2. If any bank dissents, it has the option to buy the loan from other bankers at a premium or sell its loan to them at a 15% discount to the liquidation value of the loan.
3. If two-thirds of the lenders involved in a loan have signed the ICA, then the provisions of this agreement will apply.
Almost all public sector banks have signed the agreement. Among private banks ICICI, Axis, Federal and some smaller banks have signed, but banks like HDFC, Kotak and RBL are holding back, saying they are seeking legal opinion. Foreign banks have refused to sign the agreement from the start on grounds that their global boards won’t let them relinquish their rights over borrowers.

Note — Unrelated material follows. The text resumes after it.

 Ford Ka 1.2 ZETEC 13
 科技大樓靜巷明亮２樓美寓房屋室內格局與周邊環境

The argument of the private lenders is that even where a loan is in default, they have structured their loans carefully with first charge over some collateral or receivable from some sources. They believe that allowing an SBI or ICICI to negotiate on their behalf will mean they will suffer the same hair cut as other banks who have been less savvy while negotiating the loan. What is worse, signing the loan prevents them from selling their loan to asset reconstruction companies (ARCs). They can only sell to other banks and that too at such heavy discounts that they can’t even think of selling out. What appears to have worried them is the “phone calls” from powerful people asking them why they haven’t signed up.
Legal eagles also say the agreement may give the lead bank far too many rights and too few advantages to dissenters and to those who may have better negotiated their terms. Some also worry that banks may use the ICA to keep accounts from getting into the NCLT (National Company Law Tribunals) under the insolvency code, which in turn may work well for the current promoters. These lawyers and bankers worry that this may in some way sidestep the clean up being attempted by the RBI through the insolvency code and the February circular.

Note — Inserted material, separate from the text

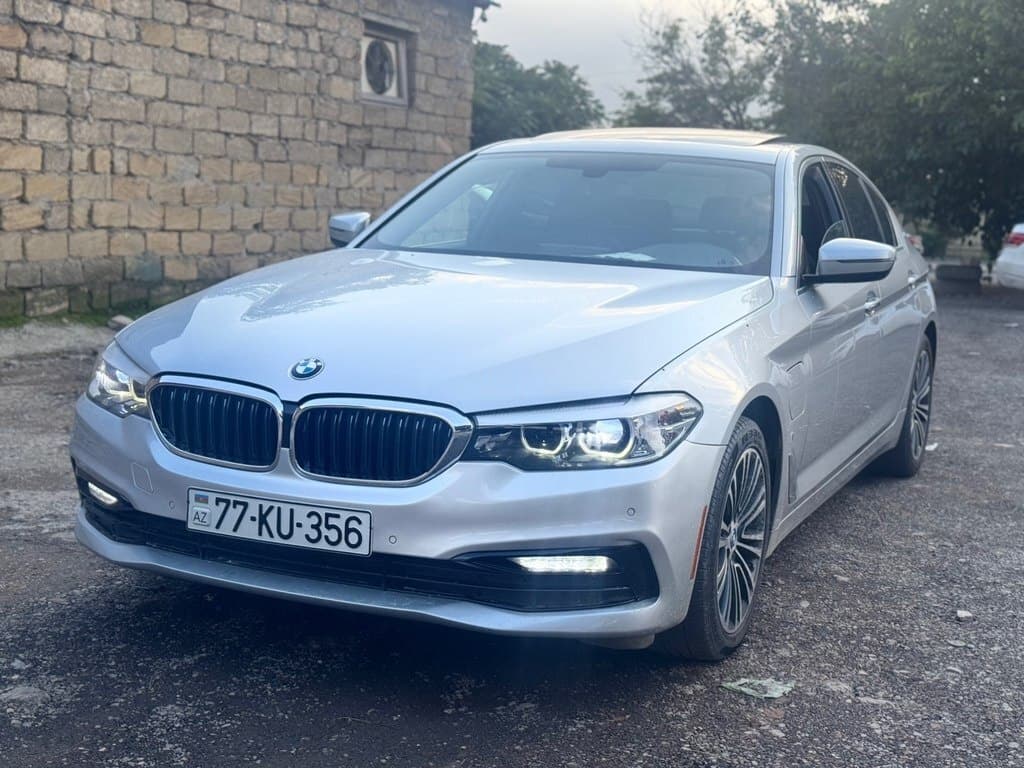 2018 BMW 530e - Image 1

However, public sector banks don’t buy these fears. In the first place, under the February circular, any rated loan under a restructuring package needs to get investment grade rating. Also the loan will be marked NPA immediately on restructuring and can be upgraded only if 20% of the principal is repaid and if the loan is serviced regularly.
If it takes four years for the promoter to pay back 20% of the principal, by then banks will have had to provide for that loan in full (first year 15%, second year 25% third year 40% and fourth year 100%). In contrast, if the loan is sold off to a new company, the loan becomes standard immediately. So the bias will always be to find a new promoter, say public sector bankers. They argue that to say the ICA sidesteps the February circular or helps leniency towards promoters is a completely incorrect charge.

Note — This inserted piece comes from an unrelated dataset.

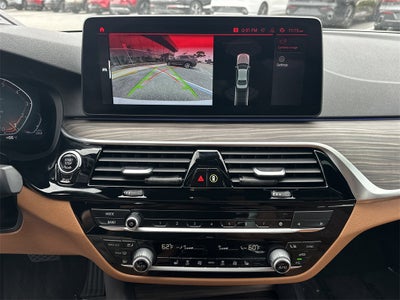 2022 BMW 5 Series 530i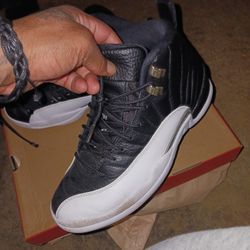 Air  Jordan  12 Retreo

The other grouse for private banks who are holding out is that they can’t take any legal route against the ICA. It is not a government or RBI rule or notification. It is a “voluntary” agreement by banks. Hence, it can’t be taken to court at this stage. Once they sign, they fear it may be too late to go to court. Public sector bankers are less worried about the three private banks who are not signing. They say Kotak and RBL have hardly any share in loans to the big defaulters and HDFC lends mostly only to double-A companies and above.
Their worry is more about foreign banks who have frequently stymied any resolution and threatened to take borrowers to the NCLT, where cases may get stuck either because of the long queue or for want of buyers. There is another worry that non-banking entities such as ARCs point out. The entire NPA restructuring process was supposed to elicit interest from a lot of foreign special situation funds, which have experience in restructuring loans. The current ICA does not allow banks who have signed the agreement to sell to non-creditors.
Hence, aggregation of loans by these foreign funds or even by Indian ARCs becomes impossible. The fear, therefore, is new money, new talent and new ideas won’t enter the system. But it may be too early to speculate about such behaviour. Until now, no loan restructuring has come to the stage of requiring approval. It is only when the first set of loans are restructured by the lead banks that the system will know where and whether the agreement falls short.